● Brief
Print out the entries that follow exactly, missing none.

*** Opening of Data for this task ***

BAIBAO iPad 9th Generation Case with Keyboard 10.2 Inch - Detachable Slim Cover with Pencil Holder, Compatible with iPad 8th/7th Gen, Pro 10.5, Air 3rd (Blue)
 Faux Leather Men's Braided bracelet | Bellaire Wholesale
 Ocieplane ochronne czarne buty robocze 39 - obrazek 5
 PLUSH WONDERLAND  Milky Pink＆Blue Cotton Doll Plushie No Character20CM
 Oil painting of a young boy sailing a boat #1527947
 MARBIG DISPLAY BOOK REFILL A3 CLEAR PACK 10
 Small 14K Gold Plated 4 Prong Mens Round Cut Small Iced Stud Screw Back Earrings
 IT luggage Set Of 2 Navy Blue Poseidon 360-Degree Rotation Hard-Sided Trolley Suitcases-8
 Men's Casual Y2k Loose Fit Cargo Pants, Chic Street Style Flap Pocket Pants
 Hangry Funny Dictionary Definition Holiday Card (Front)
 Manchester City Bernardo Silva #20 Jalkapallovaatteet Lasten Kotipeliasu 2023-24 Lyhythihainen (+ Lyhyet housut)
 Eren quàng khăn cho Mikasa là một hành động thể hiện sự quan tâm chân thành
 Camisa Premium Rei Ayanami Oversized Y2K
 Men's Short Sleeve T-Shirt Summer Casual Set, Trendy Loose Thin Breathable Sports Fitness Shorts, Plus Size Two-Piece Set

*** Close of Data for this task ***

● Output of the exercise
BAIBAO iPad 9th Generation Case with Keyboard 10.2 Inch - Detachable Slim Cover with Pencil Holder, Compatible with iPad 8th/7th Gen, Pro 10.5, Air 3rd (Blue)
 Faux Leather Men's Braided bracelet | Bellaire Wholesale
 Ocieplane ochronne czarne buty robocze 39 - obrazek 5
 PLUSH WONDERLAND  Milky Pink＆Blue Cotton Doll Plushie No Character20CM
 Oil painting of a young boy sailing a boat #1527947
 MARBIG DISPLAY BOOK REFILL A3 CLEAR PACK 10
 Small 14K Gold Plated 4 Prong Mens Round Cut Small Iced Stud Screw Back Earrings
 IT luggage Set Of 2 Navy Blue Poseidon 360-Degree Rotation Hard-Sided Trolley Suitcases-8
 Men's Casual Y2k Loose Fit Cargo Pants, Chic Street Style Flap Pocket Pants
 Hangry Funny Dictionary Definition Holiday Card (Front)
 Manchester City Bernardo Silva #20 Jalkapallovaatteet Lasten Kotipeliasu 2023-24 Lyhythihainen (+ Lyhyet housut)
 Eren quàng khăn cho Mikasa là một hành động thể hiện sự quan tâm chân thành
 Camisa Premium Rei Ayanami Oversized Y2K
 Men's Short Sleeve T-Shirt Summer Casual Set, Trendy Loose Thin Breathable Sports Fitness Shorts, Plus Size Two-Piece Set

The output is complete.